0
votes

In my organisation we have multiple devices sending data every seconds. The data is processed and partitioned in AWS S3 like this /year=YYYY/month=MM/day=DD/file.csv.

Using AWS Athena we use to run queries like this: SELECT col1, col2, coln FROM data WHERE year = 'YYYY' AND month = 'MM' and DAY = 'dd' AND device_id = 123 to retrieve data from one device for some time in a day. Sometimes we also need to get data from multiple devices (device_id IN (...)) and at different times. Note that the columns device_id and ts exist in the dataset and only ts is used to generate partitions.

Here's my question:

Will this method of partitioning be efficient in a long term ? At this time, we only have about 150 active devices, but we plan to scale at 1000 and more. Considering the fact that the query schema would be the same (get data for some device at a certain time), is it better to partition by device_id and then by date (/devive_id/year=YYYY/month=MM/day=DD/file.csv) ?

1

1 Answers

2
votes

The partitioning is very good for your supplied query -- it will only need to look in one subdirectory for that single day of data.

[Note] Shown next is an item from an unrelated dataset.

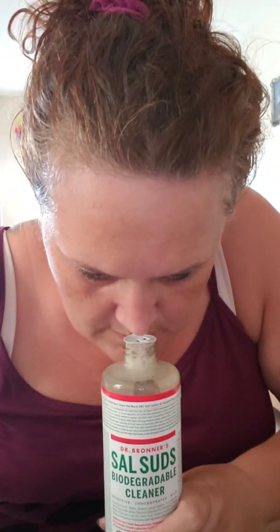Let's smell it real quick — that means I have to open it. Oh, it's very light. I can see where she might want to add something extra, or maybe you like it just like that. All right, blessings and love.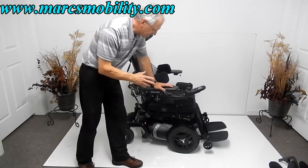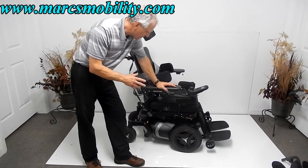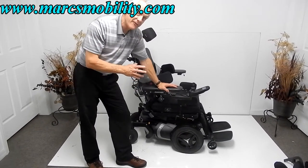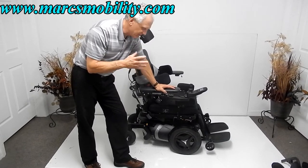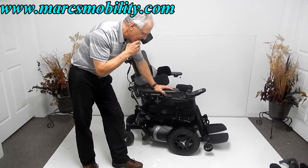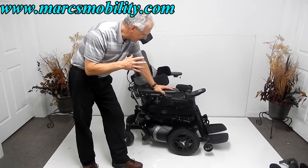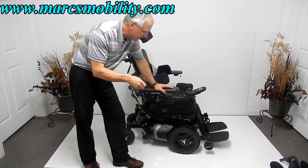This power chair is a 2016 model that was driven for about a year and a half. It has 367 miles, which is about right for that usage. It's in excellent condition and everything works as it should. It's fully loaded.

However, if you were querying for a specific device across all time (without specifying a month/day), then it would not be efficient.

You will need to decide what is going to be more common:

  • If a specific device will always be queried, then partition by Device, then Date
  • If a specific day/month will always be queried, then your current method is fine (possibly with an additional partition of device after Day)